A MULTIMODAL EXPLAINABLE AI FRAMEWORK FOR REAL-TIME DEPRESSION AND ANXIETY DETECTION
Keywords:
Depression detection, Anxiety analysis, Multimodal AI, Explainable AI, Digital phenotyping, Eye-tracking, Facial expression analysis, Voice biomarkers, Mental health monitoringAbstract
Depression and anxiety are among the leading causes of disability worldwide, yet current diagnostic methods rely mainly on self-reports and clinical interviews, which suffer from subjectivity and limited ecological validity. Advances in artificial intelligence (AI) and digital phenotyping offer novel opportunities to improve detection by leveraging multimodal behavioral and physiological signals. This paper presents the design of an explainable multimodal AI system that integrates three primary modalities: eye-tracking, facial expressions, and voice biomarkers, with future extensions to GPS mobility, typing dynamics, and gesture analysis.
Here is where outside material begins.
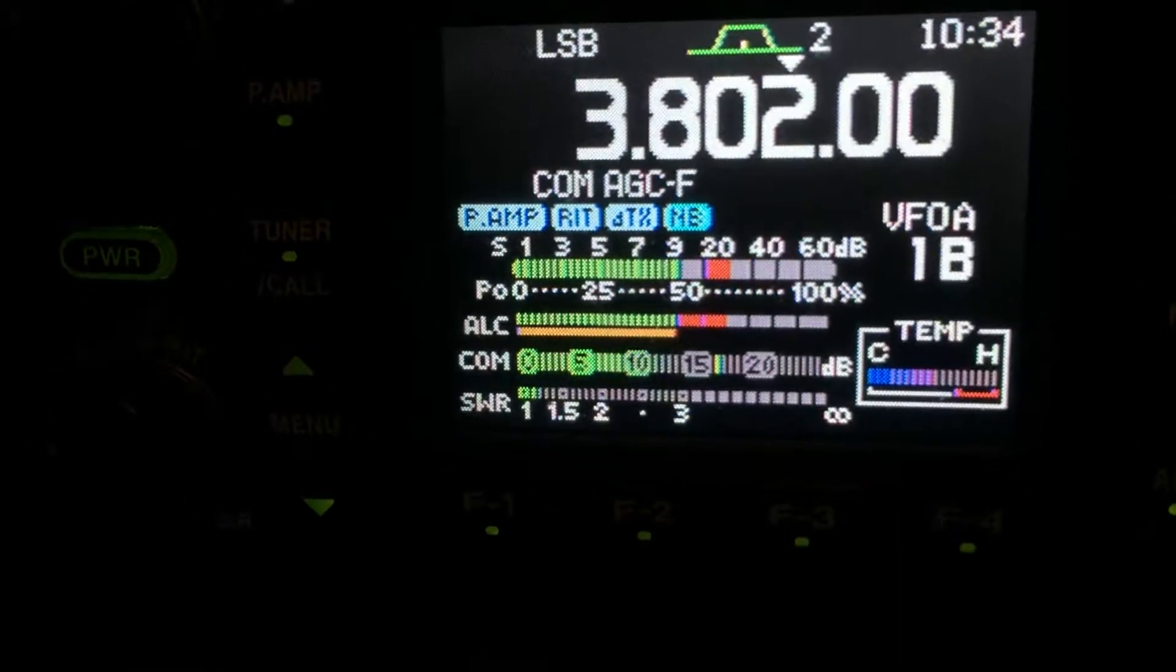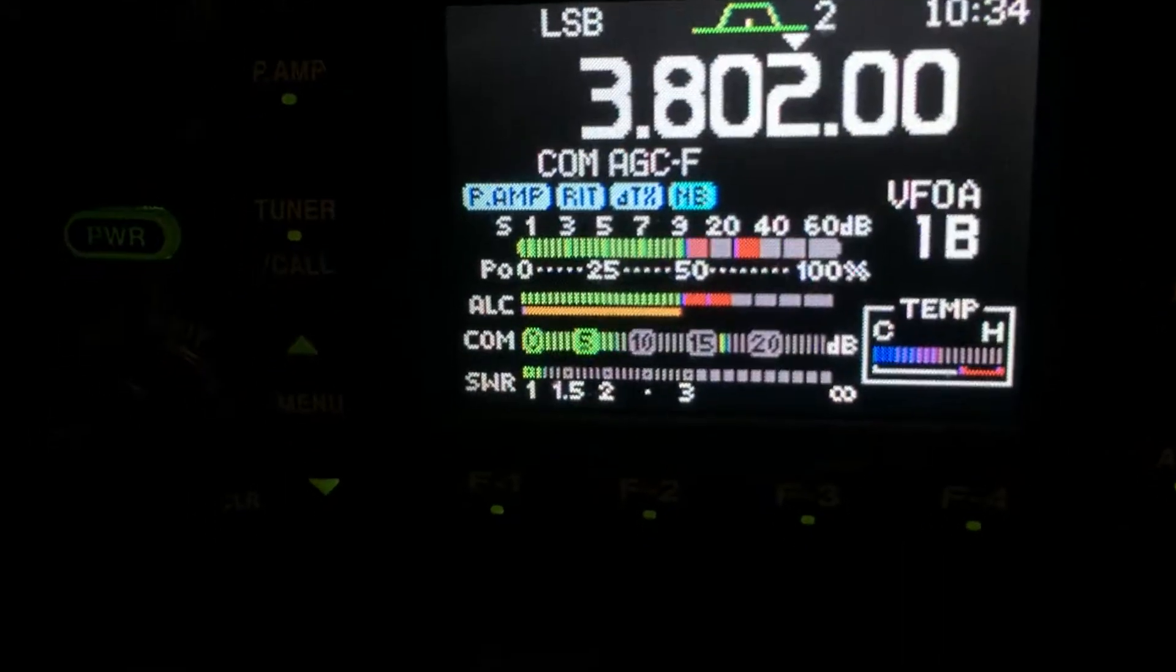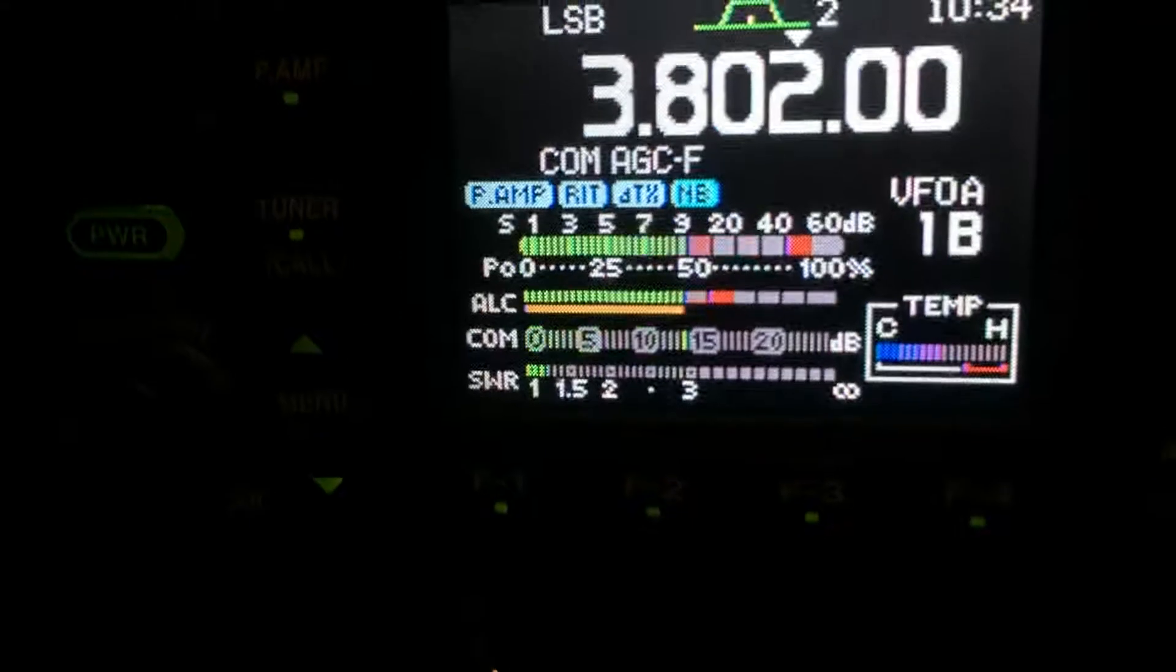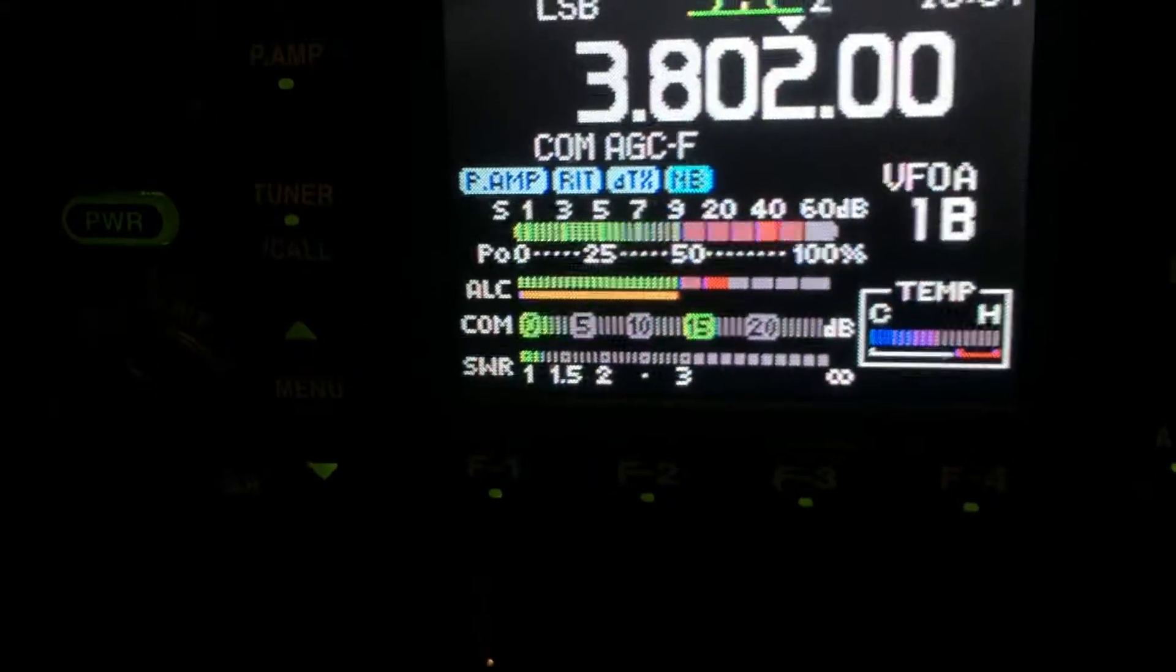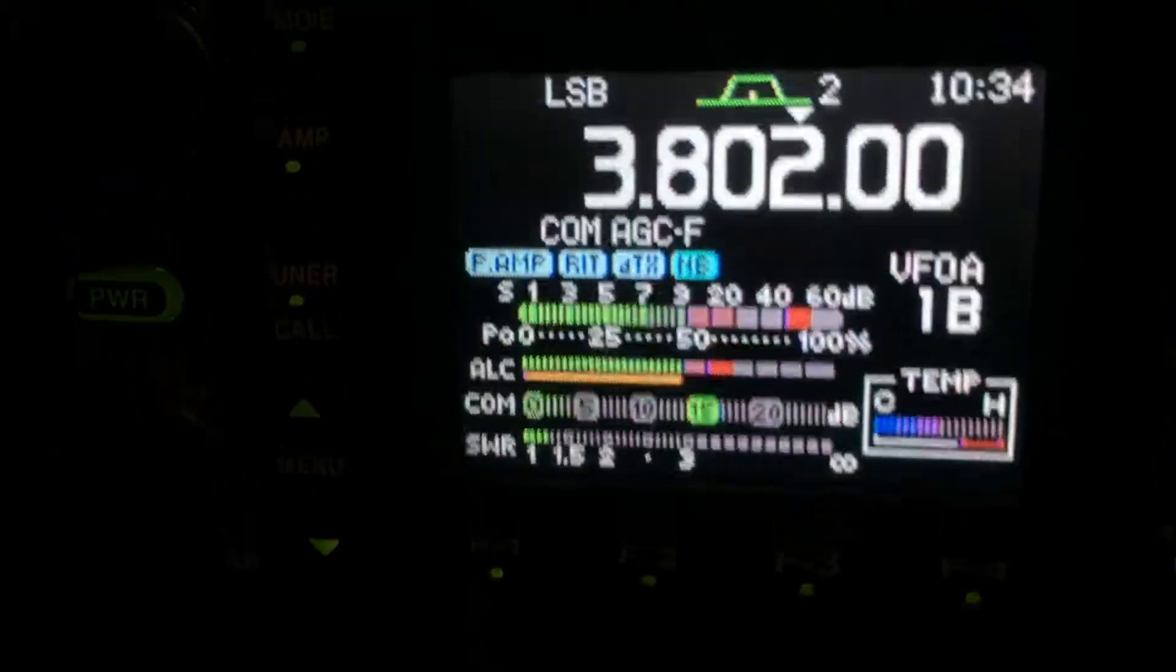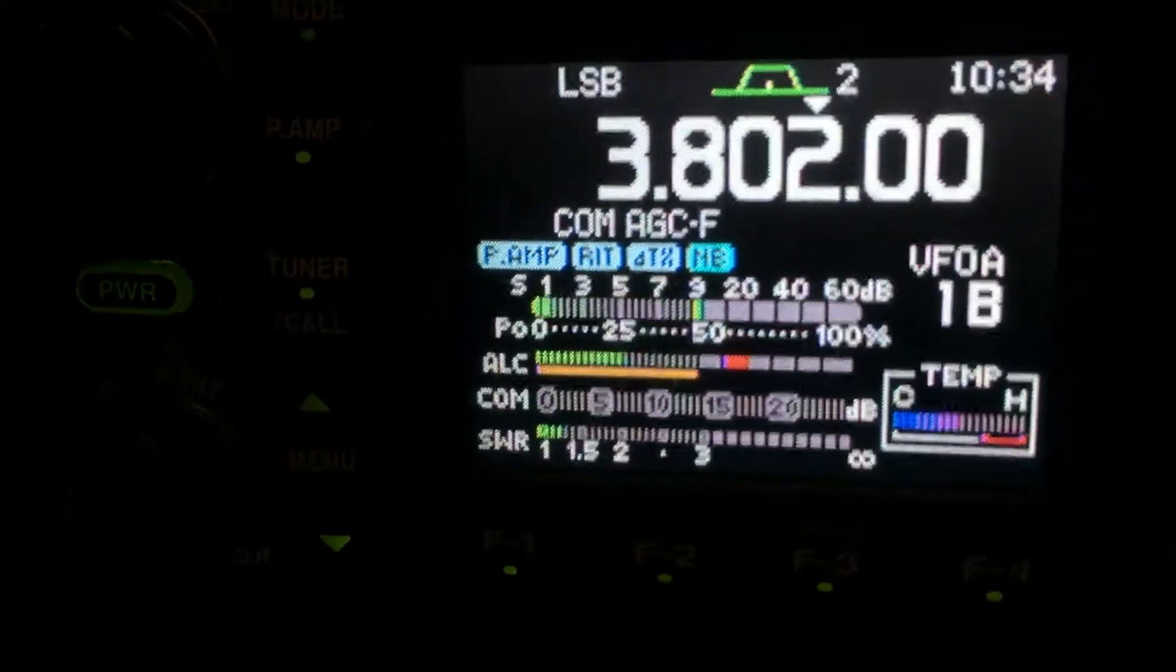I got you 10 over with the preamp on. I want to take the preamp off your signal 7, but that's certainly solid enough.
The proposed system activates three models at regular intervals of 2 hours, each recording data for 5 minutes to ensure unobtrusive, energy-efficient, and ecologically valid monitoring. The framework is designed to be lightweight, interpretable, and optimized for mobile deployment. Expected outcomes include improved accuracy in early detection of depression and anxiety, interpretable outputs for clinician trust, and a scalable framework extendable to additional modalities in the future.